Christine Decaestecker
LISA & CMMI, ULB

Cloud'Tech, 2018.
https://doi.org/10.1109/CloudTech.2018.8713350

This is an annotated version of the published manuscript.

Annotations are set as sidenotes, and were not peer reviewed (nor reviewed by all authors) and should not be considered as part of the publication itself. They are merely a way for me to provide some additional context, or mark links to other publications or later results. If you want to cite this article, please refer to the official version linked with the DOI.

Adrien Foucart

Abstract

Computer-aided diagnosis in digital pathology often relies on the accurate quantification of different indicators using image analysis. However, tissue and slide processing can create various types of image artifacts: blur, tissue-fold, tears, ink stains, etc. On the basis of rough annotations, we develop a deep residual network method for artifact detection and segmentation in H&E and IHC slides, so that they can be removed from further image processing and quantification. Our results show that using detection (tile-based) or segmentation (pixel-based) networks (or a combination of both) can successfully find areas as large as possible of tissue with no artifact for further processing. We analyze how changes in the network architecture and in the data pre-processing influence the learning capability of the network. Networks were trained on the Hydra cluster of the ULB and VUB universities : unfortunately I hadn't taken up the good practice of making code repositories per-publication for easier replicability yet. Some of the code lives on in my deephisto repo, particularly with the ArtefactDataFeed, the ShortRes, the network_train and the artefact utils code. --AF .

Introduction

Artifacts in histology images are structures which were not naturally present in the tissue but appeared as unwanted byproducts of the tissue processing workflow [1]. In particular, recent developments in multiplex immunohistochemistry (IHC) assays may involve multiple cycles of staining, imaging, chromogen washing and antibody stripping which can strongly and diversely affect the histological slices. However, these multiplex assays enable to better understand and characterize complex pathological processes by shifting from single towards multiple detection of biomarkers on a single tissue slide [2]. Artifacts thus have wildly different causes, morphologies and characteristics, and can be difficult to recognize as such. They can cause potential mistakes in quantitative analyses involving image processing : or, as we've seen in our more recent work, for registration tasks. --AF . Consequently, manual annotations are usually required to identify and to remove the artefactual areas before subsequent analyses. An alternative way can be offered by Deep Learning (DL) methods that are very successful in solving image analysis tasks, including digital pathology ones [3]. In the present study we use rough annotations to train a deep residual network for automatically segmenting artifacts in whole-slide imaging. We propose to work at a relatively low resolution so that the whole slide can be analyzed in minutes, in order to be useful for quality assessment after image acquisition. Our method shows robustness to weak and noisy supervision, which should ease biomedical applications such as in digital pathology. We explore how tweaking the network architecture and the dataset pre-processing affect the results of the algorithm. We compare our solutions with metrics related to the main objective of finding large areas of tissue where we are reasonably certain that there is no artifact : the difficulty of choosing a metric that made sense eventually led us to what became a main topic of my thesis, i.e. the critical analysis of metrics and evaluation methods in digital pathology. --AF .

Related Works

Proposed artifact detection methods usually focus on one type of defect, such as tissue-folds [4] or blur [5]. These methods use traditional algorithms based on handcrafted features and image statistics. In contrast, DL is a form of representation learning, which includes the feature detection and selection into the learning process. This approach tends to perform particularly well on ill-defined problems, where the objects of interest are difficult to formally describe [6].

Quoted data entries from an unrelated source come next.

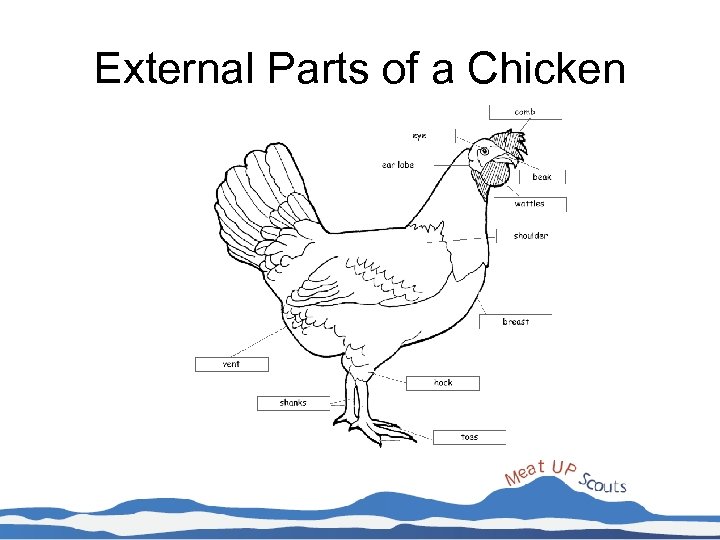 External Parts of a Chicken 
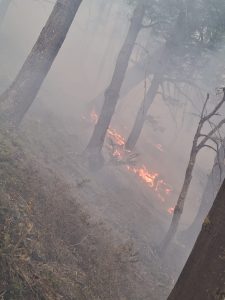 (audio)Roberto Bancur relató la dura experiencia de los Bomberos de Claromecó en Chubut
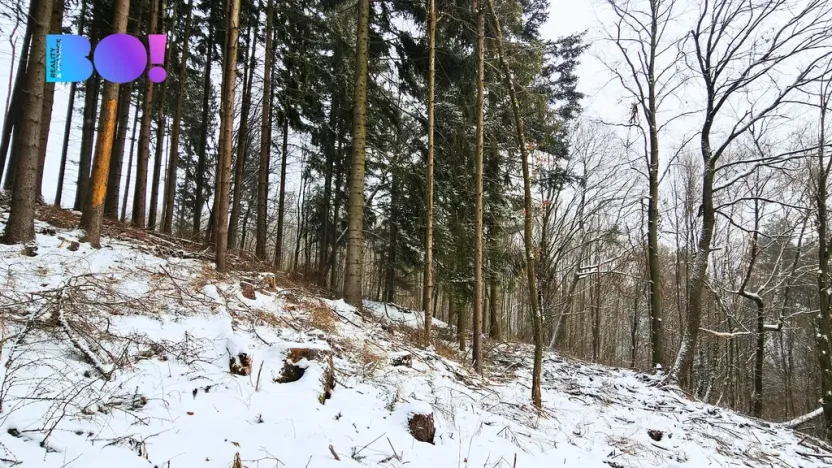 Prodej pozemku, Liptál, 17190 m2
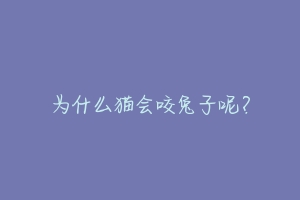 为什么猫会咬兔子呢？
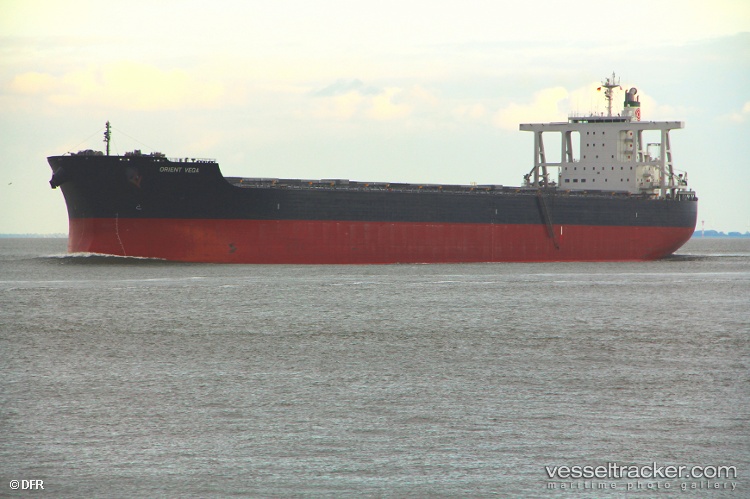 Alpha-Hope - Bulk Carrier vessel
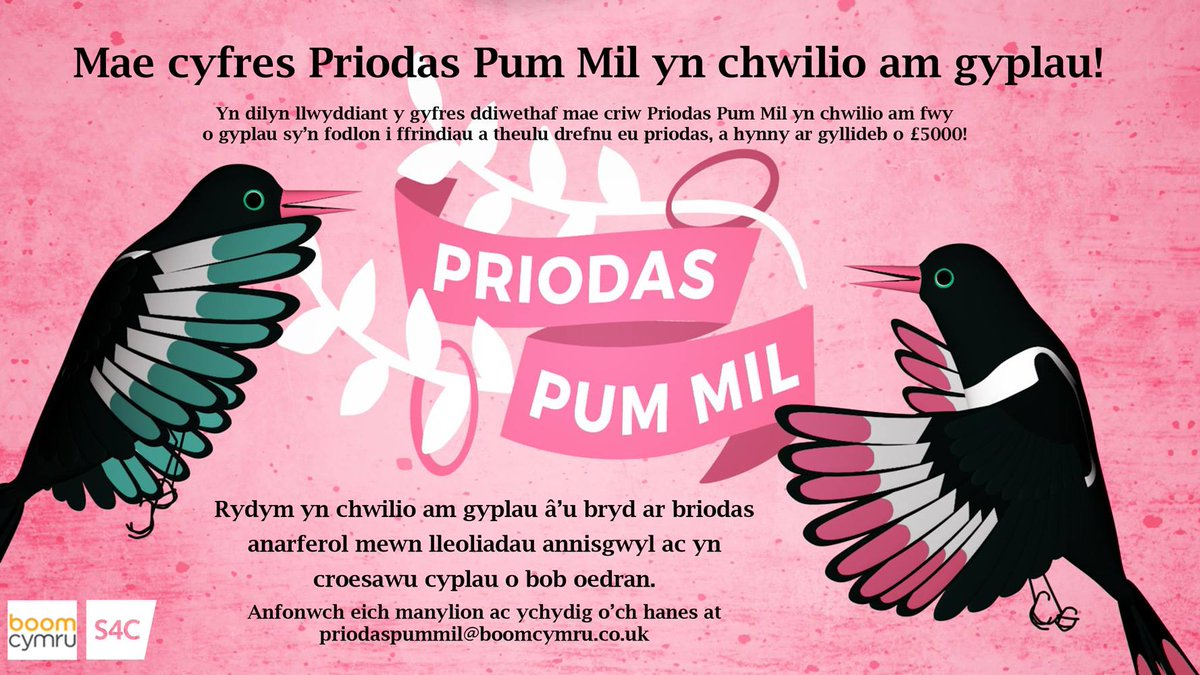 DYMA’CH CYFLE OLAF!!

Yn dilyn llwyddiant y gyfres ddiwethaf mae criw Priodas Pum Mil yn chwilio am fwy o gyplau sy’n fodlon i ffrindiau a theulu drefnu eu priodas, a hynny ar gyllideb o £5000.

Anfonwch eich manylion ac ychydig o’ch hanes at priodaspummil@boomcymru.co.uk <a href="/S4C/">S4C 🏴󠁧󠁢󠁷󠁬󠁳󠁿</a>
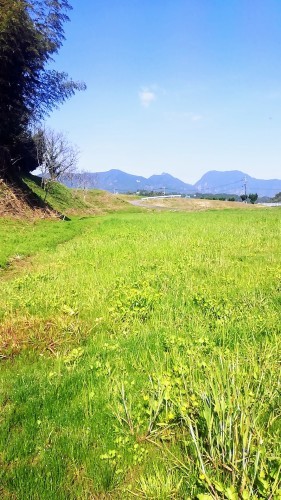 削って作って_d0195183_01172868.jpg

DL methods were successfully used in digital pathology for different tasks, such as mitosis localization [7], [8], basal-cell carcinoma detection [9] or breast cancer grading [10]. These methods typically require large supervised datasets. Most of the work in the domain was therefore focused on problems where public datasets with accurate supervision are available, such as the MITOS12, AMIDA13 or MITOS-ATYPIA challenges [8]. These networks typically use a combination of convolutional layers for feature detection, and fully-connected layers for classification. Ciresan et al. use a “cascading” method, with one network to select mitosis candidates (typically, most nuclei), and another more specialized to discriminate between mitotic and non-mitotic nuclei [7].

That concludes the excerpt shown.